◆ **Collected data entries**
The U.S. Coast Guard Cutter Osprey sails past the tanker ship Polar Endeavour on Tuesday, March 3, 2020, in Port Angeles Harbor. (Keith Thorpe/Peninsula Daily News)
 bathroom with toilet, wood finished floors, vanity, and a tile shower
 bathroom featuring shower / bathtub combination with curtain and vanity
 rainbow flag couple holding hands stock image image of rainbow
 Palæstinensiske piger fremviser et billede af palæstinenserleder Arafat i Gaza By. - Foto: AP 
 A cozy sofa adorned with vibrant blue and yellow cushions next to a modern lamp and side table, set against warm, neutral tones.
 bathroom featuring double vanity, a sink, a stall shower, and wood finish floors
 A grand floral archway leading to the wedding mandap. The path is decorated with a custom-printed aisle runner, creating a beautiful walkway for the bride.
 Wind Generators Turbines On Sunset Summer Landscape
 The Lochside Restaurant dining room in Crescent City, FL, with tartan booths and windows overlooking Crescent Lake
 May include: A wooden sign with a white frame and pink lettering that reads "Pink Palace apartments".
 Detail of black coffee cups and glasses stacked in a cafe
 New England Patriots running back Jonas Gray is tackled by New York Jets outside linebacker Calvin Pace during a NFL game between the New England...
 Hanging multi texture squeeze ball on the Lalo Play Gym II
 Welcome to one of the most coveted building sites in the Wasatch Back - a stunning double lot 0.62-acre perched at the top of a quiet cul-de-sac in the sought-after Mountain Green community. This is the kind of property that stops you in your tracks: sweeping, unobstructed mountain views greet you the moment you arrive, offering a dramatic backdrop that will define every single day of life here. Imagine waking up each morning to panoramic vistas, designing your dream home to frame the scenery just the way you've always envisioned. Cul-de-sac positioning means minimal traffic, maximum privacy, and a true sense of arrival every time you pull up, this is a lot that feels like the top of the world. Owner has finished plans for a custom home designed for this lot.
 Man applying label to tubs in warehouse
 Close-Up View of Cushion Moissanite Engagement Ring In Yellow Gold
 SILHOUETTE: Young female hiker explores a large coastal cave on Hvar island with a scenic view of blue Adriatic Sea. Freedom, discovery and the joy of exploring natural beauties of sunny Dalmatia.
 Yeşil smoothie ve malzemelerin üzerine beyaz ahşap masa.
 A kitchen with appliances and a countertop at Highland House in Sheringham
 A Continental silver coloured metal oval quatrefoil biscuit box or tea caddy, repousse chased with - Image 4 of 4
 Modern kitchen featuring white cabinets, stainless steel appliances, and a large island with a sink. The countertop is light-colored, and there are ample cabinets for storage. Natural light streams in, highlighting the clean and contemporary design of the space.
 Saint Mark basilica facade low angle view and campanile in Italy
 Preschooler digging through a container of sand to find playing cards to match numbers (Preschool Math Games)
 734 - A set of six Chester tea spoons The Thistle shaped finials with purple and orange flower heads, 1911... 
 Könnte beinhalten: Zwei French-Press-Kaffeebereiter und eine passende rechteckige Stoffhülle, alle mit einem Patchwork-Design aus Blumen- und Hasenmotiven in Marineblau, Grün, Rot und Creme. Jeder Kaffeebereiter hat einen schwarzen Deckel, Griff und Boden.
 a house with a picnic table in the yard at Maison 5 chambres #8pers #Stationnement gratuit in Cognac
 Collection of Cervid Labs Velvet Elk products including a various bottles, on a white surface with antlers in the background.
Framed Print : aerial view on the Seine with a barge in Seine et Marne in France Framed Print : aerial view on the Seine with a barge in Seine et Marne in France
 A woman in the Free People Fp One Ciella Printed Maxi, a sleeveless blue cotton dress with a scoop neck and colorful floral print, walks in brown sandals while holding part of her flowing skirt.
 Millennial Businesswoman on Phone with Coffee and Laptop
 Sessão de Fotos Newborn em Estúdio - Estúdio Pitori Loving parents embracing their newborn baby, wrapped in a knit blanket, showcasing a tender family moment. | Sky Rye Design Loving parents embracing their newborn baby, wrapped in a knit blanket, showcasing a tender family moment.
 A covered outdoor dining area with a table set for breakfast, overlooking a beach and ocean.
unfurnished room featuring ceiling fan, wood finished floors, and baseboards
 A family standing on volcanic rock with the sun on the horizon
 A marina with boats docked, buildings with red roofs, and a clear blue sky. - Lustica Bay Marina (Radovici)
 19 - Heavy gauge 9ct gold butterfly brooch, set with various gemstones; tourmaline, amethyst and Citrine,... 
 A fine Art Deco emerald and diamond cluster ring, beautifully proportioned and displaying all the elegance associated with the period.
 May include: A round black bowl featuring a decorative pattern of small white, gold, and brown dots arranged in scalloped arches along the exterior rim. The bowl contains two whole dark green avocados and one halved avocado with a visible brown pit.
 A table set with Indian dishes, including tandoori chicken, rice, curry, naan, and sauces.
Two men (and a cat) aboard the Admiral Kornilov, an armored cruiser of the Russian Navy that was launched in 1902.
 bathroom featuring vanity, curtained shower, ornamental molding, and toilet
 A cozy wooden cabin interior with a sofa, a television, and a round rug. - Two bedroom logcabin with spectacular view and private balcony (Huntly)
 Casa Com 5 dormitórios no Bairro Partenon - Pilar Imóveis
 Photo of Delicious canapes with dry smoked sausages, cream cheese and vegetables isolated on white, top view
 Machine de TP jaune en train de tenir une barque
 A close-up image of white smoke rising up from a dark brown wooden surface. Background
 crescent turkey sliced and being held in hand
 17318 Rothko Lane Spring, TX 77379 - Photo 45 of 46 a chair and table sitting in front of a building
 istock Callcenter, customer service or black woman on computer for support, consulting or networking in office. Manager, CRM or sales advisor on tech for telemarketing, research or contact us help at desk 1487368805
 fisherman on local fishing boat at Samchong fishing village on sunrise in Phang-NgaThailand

◆ **Task to complete**
Write down exactly the span of lines above from the one containing "a house with" to the one containing "Casa Com 5 dormitórios", both ends included.

◆ **Written reply**
 a house with a picnic table in the yard at Maison 5 chambres #8pers #Stationnement gratuit in Cognac
 Collection of Cervid Labs Velvet Elk products including a various bottles, on a white surface with antlers in the background.
Framed Print : aerial view on the Seine with a barge in Seine et Marne in France Framed Print : aerial view on the Seine with a barge in Seine et Marne in France
 A woman in the Free People Fp One Ciella Printed Maxi, a sleeveless blue cotton dress with a scoop neck and colorful floral print, walks in brown sandals while holding part of her flowing skirt.
 Millennial Businesswoman on Phone with Coffee and Laptop
 Sessão de Fotos Newborn em Estúdio - Estúdio Pitori Loving parents embracing their newborn baby, wrapped in a knit blanket, showcasing a tender family moment. | Sky Rye Design Loving parents embracing their newborn baby, wrapped in a knit blanket, showcasing a tender family moment.
 A covered outdoor dining area with a table set for breakfast, overlooking a beach and ocean.
unfurnished room featuring ceiling fan, wood finished floors, and baseboards
 A family standing on volcanic rock with the sun on the horizon
 A marina with boats docked, buildings with red roofs, and a clear blue sky. - Lustica Bay Marina (Radovici)
 19 - Heavy gauge 9ct gold butterfly brooch, set with various gemstones; tourmaline, amethyst and Citrine,... 
 A fine Art Deco emerald and diamond cluster ring, beautifully proportioned and displaying all the elegance associated with the period.
 May include: A round black bowl featuring a decorative pattern of small white, gold, and brown dots arranged in scalloped arches along the exterior rim. The bowl contains two whole dark green avocados and one halved avocado with a visible brown pit.
 A table set with Indian dishes, including tandoori chicken, rice, curry, naan, and sauces.
Two men (and a cat) aboard the Admiral Kornilov, an armored cruiser of the Russian Navy that was launched in 1902.
 bathroom featuring vanity, curtained shower, ornamental molding, and toilet
 A cozy wooden cabin interior with a sofa, a television, and a round rug. - Two bedroom logcabin with spectacular view and private balcony (Huntly)
 Casa Com 5 dormitórios no Bairro Partenon - Pilar Imóveis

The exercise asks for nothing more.